My last act before stepping into the airport check-in line was to hand over my cell phone, which left me suddenly stripped of my connection to the outside world. No more idle Facebook status updates, no more tweeting stray thoughts in efforts of turning them into profound revelations. So I´m back to the old fashioned and forgotten past-time known as blogging.
My last days in Rio were rushed, cluttered with absurd paperwork that I actually managed to turn into a story, and shrouded in cloudy skies, a cold breeze and driving rain. This left me without the time or disposition for nostalgic goodbyes or accumulation of saudades for the place I was about to leave. In the preceding months I had kicked around the idea of a Rio “bucket list” of all the things I never did in the city that I could go ticking off in the waning days and weeks. It just didn’t work out that way. There was too much to do to keep adding last minute adventures.
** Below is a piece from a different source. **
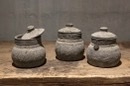 Stoer stenen potje met deksel suikerpot landelijk grijs steen asha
I did feel a few tugging heart-strings in the final days. I remember in the newsroom seeing out of the corner of my eye one of those panoramic Globo helicopter shots of the entire city, the lagoon flanked by the mountains and Corcovado keeping watch over Guanabara Bay. Am I really leaving this? My next thought was something like Wait, did we have to get the shipment manifest notarized before we take it to the consulate?  And so it went. Between the rain and the stress of moving, we didn’t shed a tear for Rio, as my wife wisely quipped.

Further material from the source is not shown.